Pourtant l’artiste n’est pas dépourvu de charisme et de talent, mais ce Charlie St. Cloud signé Burr Steers ne fera pas de lui le nouveau Brando, ni même un vague Patrick Swayze. Sans doute mal dirigé par un réalisateur empressé d’offrir la marchandise, Efron, et à peu près tous les autres acteurs et actrices de cette gentille chose, semblent tous mystérieusement crispés, figés, voire embaumés. Des statues, oui. Mais des statues de cire. Il faudra expliquer à Efron que «regarder ailleurs» en prenant l’air de «penser à quelque chose” n’est pas nécessairement un grand truc d’acteur.

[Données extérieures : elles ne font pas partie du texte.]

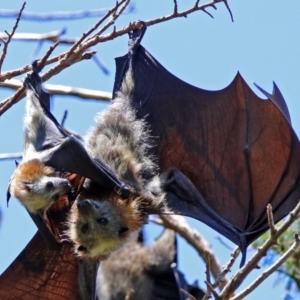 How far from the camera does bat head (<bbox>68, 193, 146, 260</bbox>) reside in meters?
6.52

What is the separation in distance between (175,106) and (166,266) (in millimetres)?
2952

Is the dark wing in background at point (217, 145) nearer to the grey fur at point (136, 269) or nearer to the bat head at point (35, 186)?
the bat head at point (35, 186)

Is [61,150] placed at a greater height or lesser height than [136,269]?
greater

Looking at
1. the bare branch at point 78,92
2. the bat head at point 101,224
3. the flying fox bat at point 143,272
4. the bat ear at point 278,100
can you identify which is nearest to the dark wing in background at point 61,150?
the bat head at point 101,224

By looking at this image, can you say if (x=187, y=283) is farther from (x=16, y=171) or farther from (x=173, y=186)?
(x=16, y=171)

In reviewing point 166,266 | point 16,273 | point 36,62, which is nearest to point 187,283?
point 166,266

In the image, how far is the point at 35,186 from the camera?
581 cm

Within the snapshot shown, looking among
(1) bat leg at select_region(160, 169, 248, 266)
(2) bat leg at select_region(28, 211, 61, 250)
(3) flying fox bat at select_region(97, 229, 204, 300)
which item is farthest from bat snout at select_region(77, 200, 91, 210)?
(3) flying fox bat at select_region(97, 229, 204, 300)

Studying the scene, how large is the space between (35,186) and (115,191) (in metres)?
1.04

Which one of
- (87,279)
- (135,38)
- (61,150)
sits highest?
(135,38)

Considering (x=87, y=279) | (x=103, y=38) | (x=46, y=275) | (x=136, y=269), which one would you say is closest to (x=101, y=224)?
(x=87, y=279)

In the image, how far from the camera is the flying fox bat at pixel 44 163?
5895mm

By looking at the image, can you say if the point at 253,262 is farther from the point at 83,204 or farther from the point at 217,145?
the point at 217,145

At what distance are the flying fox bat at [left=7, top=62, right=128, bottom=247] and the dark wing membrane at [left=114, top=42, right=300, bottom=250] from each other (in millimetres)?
1215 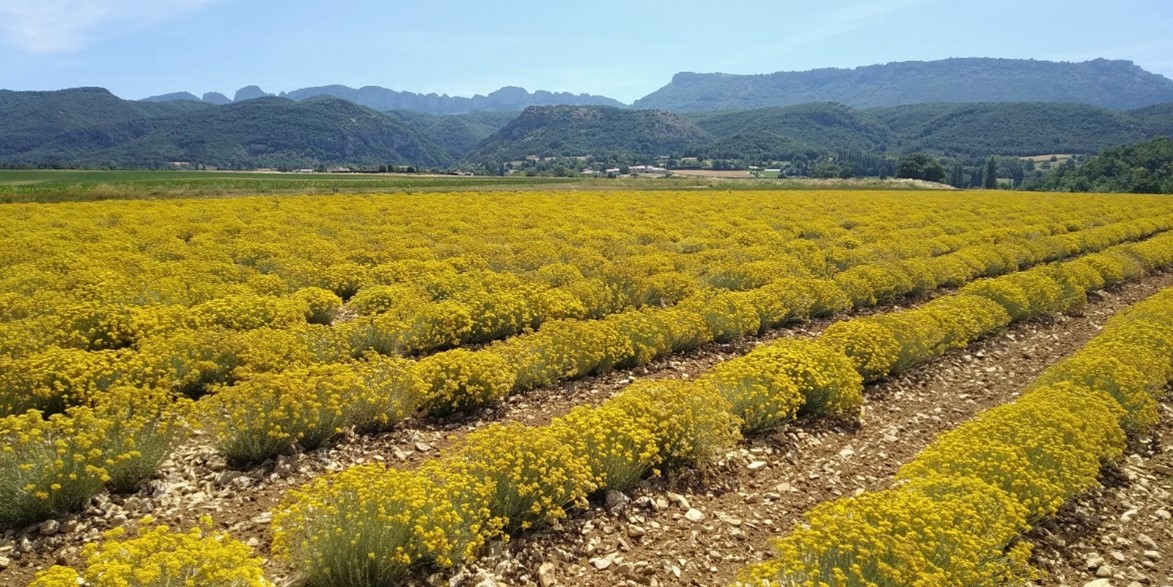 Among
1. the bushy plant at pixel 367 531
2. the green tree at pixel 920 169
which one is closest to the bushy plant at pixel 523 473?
the bushy plant at pixel 367 531

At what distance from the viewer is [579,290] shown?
14430 millimetres

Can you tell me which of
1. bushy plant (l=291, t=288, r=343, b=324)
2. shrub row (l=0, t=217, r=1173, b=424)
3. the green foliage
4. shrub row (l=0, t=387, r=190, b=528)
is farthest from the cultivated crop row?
the green foliage

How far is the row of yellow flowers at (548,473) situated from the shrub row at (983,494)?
0.07 metres

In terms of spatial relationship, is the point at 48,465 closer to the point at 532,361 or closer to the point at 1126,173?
the point at 532,361

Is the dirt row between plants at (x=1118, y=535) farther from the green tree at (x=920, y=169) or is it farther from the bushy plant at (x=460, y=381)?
the green tree at (x=920, y=169)

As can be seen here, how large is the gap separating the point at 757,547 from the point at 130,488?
21.0 feet

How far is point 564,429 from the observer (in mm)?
7277

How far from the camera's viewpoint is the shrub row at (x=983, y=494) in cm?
519

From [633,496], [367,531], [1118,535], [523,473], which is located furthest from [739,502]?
[367,531]

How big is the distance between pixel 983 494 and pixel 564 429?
4.13 meters

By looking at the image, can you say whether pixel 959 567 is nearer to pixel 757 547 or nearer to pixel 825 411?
pixel 757 547

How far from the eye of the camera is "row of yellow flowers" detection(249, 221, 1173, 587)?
17.6 feet

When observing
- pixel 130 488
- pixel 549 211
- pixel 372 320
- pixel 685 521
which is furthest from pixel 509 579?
pixel 549 211

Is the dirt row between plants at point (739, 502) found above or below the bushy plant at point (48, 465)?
below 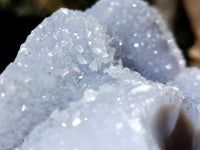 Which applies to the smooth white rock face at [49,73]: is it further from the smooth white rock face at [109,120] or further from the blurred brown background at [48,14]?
the blurred brown background at [48,14]

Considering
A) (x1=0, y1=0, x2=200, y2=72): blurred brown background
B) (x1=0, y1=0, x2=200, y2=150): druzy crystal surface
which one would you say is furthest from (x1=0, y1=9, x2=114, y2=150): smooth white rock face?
(x1=0, y1=0, x2=200, y2=72): blurred brown background

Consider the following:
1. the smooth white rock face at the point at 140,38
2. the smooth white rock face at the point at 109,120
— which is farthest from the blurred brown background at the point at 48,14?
the smooth white rock face at the point at 109,120

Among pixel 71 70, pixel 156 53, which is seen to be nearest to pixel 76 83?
pixel 71 70

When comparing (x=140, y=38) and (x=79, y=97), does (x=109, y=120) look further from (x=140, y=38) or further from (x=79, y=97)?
(x=140, y=38)

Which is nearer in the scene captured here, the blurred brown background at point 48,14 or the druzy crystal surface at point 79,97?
the druzy crystal surface at point 79,97

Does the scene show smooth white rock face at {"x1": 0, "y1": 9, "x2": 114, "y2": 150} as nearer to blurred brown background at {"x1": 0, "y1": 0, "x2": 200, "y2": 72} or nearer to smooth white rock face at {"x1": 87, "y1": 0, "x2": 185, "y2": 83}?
smooth white rock face at {"x1": 87, "y1": 0, "x2": 185, "y2": 83}

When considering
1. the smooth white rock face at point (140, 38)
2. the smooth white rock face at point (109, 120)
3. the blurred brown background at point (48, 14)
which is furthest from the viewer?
the blurred brown background at point (48, 14)

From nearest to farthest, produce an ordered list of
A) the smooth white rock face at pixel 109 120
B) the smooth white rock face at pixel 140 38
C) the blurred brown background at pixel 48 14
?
the smooth white rock face at pixel 109 120 < the smooth white rock face at pixel 140 38 < the blurred brown background at pixel 48 14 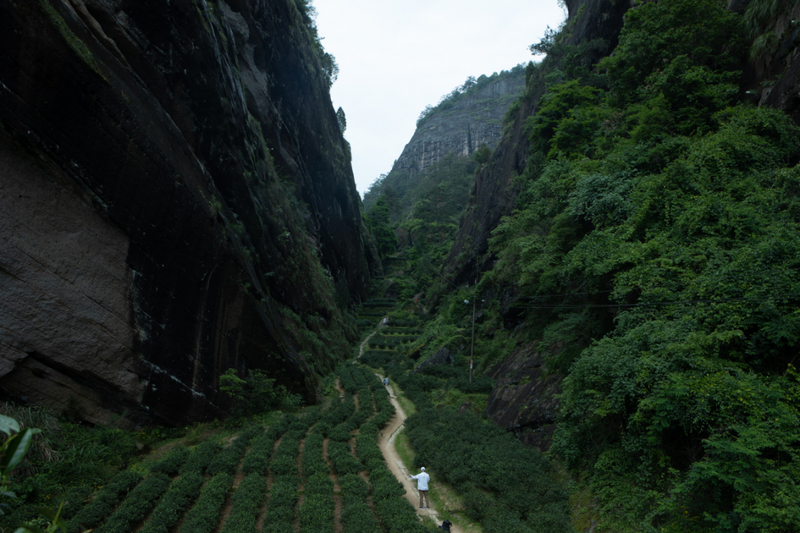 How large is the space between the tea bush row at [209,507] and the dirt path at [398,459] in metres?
4.98

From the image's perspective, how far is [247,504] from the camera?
31.2 ft

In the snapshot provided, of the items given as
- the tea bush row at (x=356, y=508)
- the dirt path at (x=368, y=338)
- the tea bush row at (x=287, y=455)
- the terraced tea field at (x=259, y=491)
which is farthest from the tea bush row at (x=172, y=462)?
the dirt path at (x=368, y=338)

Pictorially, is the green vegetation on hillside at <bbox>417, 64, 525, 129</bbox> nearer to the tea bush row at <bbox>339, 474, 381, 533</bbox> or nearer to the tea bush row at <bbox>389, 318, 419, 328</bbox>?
the tea bush row at <bbox>389, 318, 419, 328</bbox>

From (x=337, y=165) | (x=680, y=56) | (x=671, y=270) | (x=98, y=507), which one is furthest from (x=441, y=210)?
(x=98, y=507)

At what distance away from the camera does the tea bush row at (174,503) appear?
27.8 feet

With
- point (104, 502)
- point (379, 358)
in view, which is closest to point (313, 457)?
point (104, 502)

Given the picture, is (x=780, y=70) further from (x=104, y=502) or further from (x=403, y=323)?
(x=403, y=323)

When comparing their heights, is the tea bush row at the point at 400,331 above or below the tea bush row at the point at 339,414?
above

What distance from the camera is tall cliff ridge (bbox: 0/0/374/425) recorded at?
992 centimetres

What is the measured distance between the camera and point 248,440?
526 inches

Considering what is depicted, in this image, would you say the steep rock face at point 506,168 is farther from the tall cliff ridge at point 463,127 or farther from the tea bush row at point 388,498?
the tall cliff ridge at point 463,127

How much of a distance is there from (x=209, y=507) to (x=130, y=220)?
8485mm

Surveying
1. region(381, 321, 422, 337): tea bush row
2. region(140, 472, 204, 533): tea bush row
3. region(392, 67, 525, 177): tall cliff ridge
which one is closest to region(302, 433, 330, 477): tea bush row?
region(140, 472, 204, 533): tea bush row

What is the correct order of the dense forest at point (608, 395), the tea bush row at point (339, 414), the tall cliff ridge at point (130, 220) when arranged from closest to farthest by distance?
1. the dense forest at point (608, 395)
2. the tall cliff ridge at point (130, 220)
3. the tea bush row at point (339, 414) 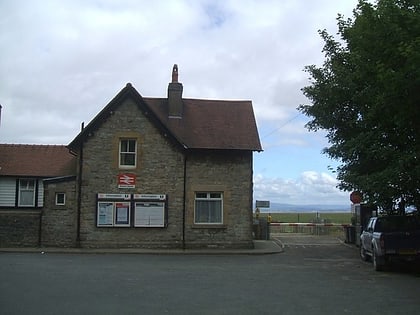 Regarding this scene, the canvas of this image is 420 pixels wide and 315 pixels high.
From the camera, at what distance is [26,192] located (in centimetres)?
3159

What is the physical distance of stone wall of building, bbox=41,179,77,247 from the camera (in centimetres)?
2680

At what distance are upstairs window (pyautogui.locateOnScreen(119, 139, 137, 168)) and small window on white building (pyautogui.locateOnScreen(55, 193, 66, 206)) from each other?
3.26 meters

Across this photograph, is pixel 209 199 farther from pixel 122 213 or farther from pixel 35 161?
pixel 35 161

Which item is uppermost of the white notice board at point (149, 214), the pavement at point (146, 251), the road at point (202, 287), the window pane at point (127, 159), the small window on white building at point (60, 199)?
the window pane at point (127, 159)

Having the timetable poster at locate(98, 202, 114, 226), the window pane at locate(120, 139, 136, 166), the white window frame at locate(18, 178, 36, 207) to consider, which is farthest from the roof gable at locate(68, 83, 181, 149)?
the white window frame at locate(18, 178, 36, 207)

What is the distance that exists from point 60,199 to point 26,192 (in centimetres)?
522

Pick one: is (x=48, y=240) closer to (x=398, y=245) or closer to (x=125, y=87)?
(x=125, y=87)

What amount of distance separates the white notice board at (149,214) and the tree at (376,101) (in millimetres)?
8433

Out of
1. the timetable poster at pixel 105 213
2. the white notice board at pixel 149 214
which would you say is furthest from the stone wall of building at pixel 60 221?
the white notice board at pixel 149 214

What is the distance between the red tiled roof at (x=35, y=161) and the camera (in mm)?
31406

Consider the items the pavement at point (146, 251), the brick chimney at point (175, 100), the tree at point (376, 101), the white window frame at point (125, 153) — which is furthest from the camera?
the brick chimney at point (175, 100)

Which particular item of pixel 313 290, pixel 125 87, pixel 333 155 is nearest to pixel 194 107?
pixel 125 87

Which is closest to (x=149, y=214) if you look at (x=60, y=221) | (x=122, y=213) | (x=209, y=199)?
(x=122, y=213)

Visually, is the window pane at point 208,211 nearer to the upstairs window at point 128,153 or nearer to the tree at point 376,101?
the upstairs window at point 128,153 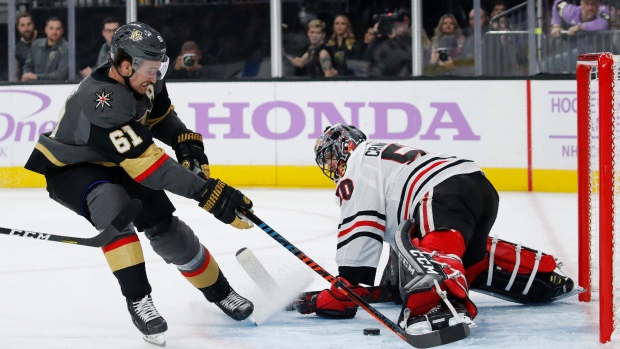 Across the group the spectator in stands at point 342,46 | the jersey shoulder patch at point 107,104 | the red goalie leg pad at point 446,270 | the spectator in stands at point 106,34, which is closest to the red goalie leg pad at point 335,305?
the red goalie leg pad at point 446,270

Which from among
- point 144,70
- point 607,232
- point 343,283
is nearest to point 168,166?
point 144,70

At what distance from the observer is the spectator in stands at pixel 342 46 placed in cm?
714

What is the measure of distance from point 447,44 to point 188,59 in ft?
6.20

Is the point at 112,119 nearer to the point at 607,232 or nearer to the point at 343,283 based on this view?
the point at 343,283

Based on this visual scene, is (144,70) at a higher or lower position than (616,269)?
higher

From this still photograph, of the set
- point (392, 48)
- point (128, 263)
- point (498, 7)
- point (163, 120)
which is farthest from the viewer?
point (392, 48)

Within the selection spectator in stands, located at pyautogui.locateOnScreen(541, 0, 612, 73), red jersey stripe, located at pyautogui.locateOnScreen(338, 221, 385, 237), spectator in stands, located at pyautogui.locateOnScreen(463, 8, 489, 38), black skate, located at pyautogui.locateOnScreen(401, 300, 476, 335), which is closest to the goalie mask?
red jersey stripe, located at pyautogui.locateOnScreen(338, 221, 385, 237)

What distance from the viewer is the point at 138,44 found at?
2.87 metres

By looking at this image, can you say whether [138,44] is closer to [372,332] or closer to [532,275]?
[372,332]

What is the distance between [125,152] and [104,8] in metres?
4.89

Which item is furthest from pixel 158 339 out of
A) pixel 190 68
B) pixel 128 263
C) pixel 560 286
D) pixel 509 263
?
pixel 190 68

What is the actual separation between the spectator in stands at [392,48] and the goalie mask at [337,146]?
12.8ft

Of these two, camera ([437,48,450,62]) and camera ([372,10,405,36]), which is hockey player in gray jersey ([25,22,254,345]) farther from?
camera ([372,10,405,36])

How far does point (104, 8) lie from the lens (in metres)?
7.42
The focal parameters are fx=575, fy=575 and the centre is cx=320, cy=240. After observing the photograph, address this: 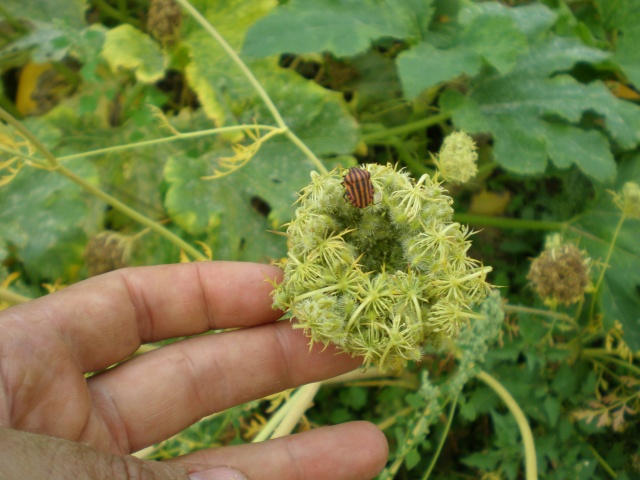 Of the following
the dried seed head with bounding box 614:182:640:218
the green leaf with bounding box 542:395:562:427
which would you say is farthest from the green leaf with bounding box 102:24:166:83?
the green leaf with bounding box 542:395:562:427

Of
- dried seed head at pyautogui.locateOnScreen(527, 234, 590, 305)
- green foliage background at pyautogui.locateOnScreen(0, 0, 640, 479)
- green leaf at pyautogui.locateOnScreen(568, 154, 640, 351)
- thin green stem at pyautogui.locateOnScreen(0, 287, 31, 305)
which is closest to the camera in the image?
thin green stem at pyautogui.locateOnScreen(0, 287, 31, 305)

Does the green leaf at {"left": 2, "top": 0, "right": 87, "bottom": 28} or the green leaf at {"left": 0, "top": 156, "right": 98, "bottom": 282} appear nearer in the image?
the green leaf at {"left": 0, "top": 156, "right": 98, "bottom": 282}

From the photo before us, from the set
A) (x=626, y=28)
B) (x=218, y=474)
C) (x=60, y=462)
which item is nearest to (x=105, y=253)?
(x=218, y=474)

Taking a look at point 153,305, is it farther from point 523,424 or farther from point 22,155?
point 523,424

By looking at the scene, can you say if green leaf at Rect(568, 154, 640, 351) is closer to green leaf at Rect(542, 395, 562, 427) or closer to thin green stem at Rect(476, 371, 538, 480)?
green leaf at Rect(542, 395, 562, 427)

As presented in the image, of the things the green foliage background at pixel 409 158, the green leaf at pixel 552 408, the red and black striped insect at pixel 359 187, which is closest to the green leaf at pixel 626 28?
the green foliage background at pixel 409 158

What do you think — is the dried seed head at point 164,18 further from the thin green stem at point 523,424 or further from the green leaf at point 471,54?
the thin green stem at point 523,424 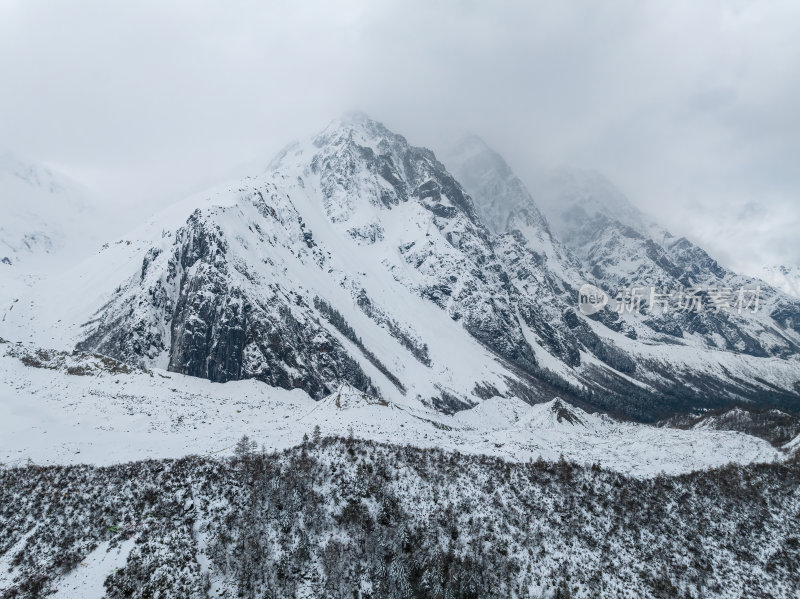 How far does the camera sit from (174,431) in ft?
148

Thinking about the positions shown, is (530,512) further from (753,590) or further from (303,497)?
(303,497)

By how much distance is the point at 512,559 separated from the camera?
33469 mm

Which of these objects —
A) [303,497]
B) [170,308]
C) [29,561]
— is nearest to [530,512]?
[303,497]

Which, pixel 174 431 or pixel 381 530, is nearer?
pixel 381 530

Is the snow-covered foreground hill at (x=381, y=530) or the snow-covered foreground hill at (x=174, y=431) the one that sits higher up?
the snow-covered foreground hill at (x=174, y=431)

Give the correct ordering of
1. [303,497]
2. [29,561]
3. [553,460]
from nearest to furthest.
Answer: [29,561] → [303,497] → [553,460]

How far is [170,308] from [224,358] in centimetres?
2638

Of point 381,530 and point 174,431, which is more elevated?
point 174,431

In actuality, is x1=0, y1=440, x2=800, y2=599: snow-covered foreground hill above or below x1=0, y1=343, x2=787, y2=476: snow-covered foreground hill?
below

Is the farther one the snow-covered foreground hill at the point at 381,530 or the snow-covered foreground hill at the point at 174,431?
the snow-covered foreground hill at the point at 174,431

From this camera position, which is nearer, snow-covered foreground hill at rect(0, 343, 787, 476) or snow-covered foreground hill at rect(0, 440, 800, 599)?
snow-covered foreground hill at rect(0, 440, 800, 599)

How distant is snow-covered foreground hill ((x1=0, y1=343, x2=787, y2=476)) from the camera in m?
38.8

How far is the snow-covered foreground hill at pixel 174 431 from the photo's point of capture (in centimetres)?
3878

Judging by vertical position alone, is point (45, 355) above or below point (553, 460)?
above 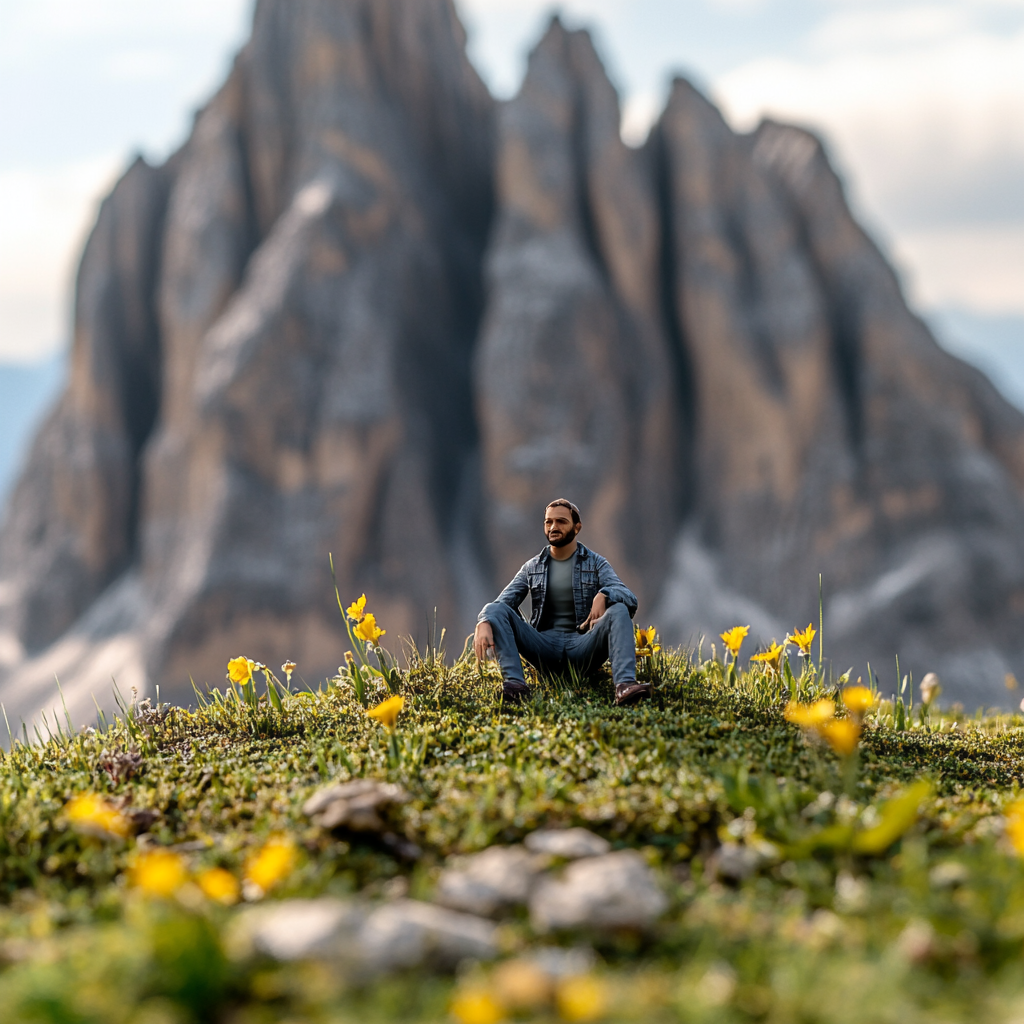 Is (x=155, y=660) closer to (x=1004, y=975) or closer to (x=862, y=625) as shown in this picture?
(x=862, y=625)

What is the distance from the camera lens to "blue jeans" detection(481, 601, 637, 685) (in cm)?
519

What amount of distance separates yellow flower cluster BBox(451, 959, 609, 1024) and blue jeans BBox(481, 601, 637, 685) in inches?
122

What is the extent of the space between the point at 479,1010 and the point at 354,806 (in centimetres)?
147

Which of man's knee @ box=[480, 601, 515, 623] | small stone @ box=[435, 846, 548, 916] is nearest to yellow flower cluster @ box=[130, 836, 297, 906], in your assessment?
small stone @ box=[435, 846, 548, 916]

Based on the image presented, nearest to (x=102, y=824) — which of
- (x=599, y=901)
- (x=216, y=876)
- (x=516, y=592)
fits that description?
(x=216, y=876)

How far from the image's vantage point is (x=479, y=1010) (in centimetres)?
182

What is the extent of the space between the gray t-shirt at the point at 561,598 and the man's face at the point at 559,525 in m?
0.19

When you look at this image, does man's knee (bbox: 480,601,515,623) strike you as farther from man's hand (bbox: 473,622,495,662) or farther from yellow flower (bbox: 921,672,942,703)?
yellow flower (bbox: 921,672,942,703)

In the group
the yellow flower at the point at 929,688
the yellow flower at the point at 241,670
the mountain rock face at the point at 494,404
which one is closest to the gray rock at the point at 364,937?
the yellow flower at the point at 241,670

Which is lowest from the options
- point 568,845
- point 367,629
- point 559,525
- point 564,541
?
point 568,845

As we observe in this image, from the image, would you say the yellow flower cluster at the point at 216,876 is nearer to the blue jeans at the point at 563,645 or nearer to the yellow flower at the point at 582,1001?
the yellow flower at the point at 582,1001

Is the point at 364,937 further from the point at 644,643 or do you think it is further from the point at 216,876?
the point at 644,643

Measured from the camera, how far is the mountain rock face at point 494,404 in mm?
24391

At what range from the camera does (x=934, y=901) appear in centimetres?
254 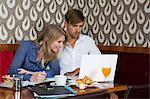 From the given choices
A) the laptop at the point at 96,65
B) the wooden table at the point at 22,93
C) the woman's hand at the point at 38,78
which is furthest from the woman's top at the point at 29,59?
the wooden table at the point at 22,93

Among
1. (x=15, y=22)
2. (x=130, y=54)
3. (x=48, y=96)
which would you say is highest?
(x=15, y=22)

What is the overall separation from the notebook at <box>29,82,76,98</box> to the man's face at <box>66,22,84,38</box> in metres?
1.04

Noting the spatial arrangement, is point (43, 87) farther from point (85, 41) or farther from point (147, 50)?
point (147, 50)

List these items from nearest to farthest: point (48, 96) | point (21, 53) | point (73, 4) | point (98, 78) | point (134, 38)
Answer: point (48, 96), point (98, 78), point (21, 53), point (134, 38), point (73, 4)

Les prémisses, intéressantes, rappellent le Sixth Sense de Shyamalan, version fleur bleue, et évoque aussi par détours Ghost et Somewhere in Time puisqu’il y est question d’un «fantôme d’amour», en l’occurrence ici le petit frère du héros, mort des suites d’un accident de voiture. Endeuillé et souffrant des tourments intérieurs de la culpabilité, le grand frère (Efron), autrefois jovial et sportif, ami de la mer et amateur de course en bateau, deviendra froid, reclus et austère. Et, surtout, mentalement très perturbé : il verra son petit frangin spectral apparaître ici et là dans les sous-bois, pour placoter et pratiquer le baseball. Cette rencontre avec le fantôme aura des conséquences «inattendues» (qu’on devine dès le générique, merci à la trame sonore gluante d’optimisme. Non, ça ne finira pas mal.)
Fantaisie lénifiante et risible, aux connotations ésotériques, laquelle glorifie jusqu’à les mythifier les éternelles valeurs de l’amour et de la loyauté, Charlie St. Cloud propose des messages épais, c’est-à-dire facilement assimilables aux gens qui gardent précieusement Le Secret comme lecture de chevet.
Grosso modo, il faut retenir cette leçon : On a toujours une deuxième chance et il vaut mieux garder espoir. Dans le cas de ce film, la deuxième chance sera sa sortie en DVD.
Kim Bassinger et Ray Liotta y font leur petite apparition, en pure perte, Zac Efron leur volant la vedette (voler est un bien grand mot) Mais il y a de très belles images, bien rendues et des merveilles naturelles de la Colombie-Britannique.
Charlie St.Cloud
Drame de Burr Streers
Avec Zac Eflon, Charlie Tahan, Amanda Crew
90 minutes
-Après la mort brutale de son jeune frère, Charlie, jeune sportif enthousiaste, sombre dans les gouffres du deuil et s’isole dans un monde imaginaire dans lequel il garde contact avec les morts.
-The Sixth Sense pour les gens sensibles qui ont peur de leur ombre ; du Shyamalan à l’eau de rose.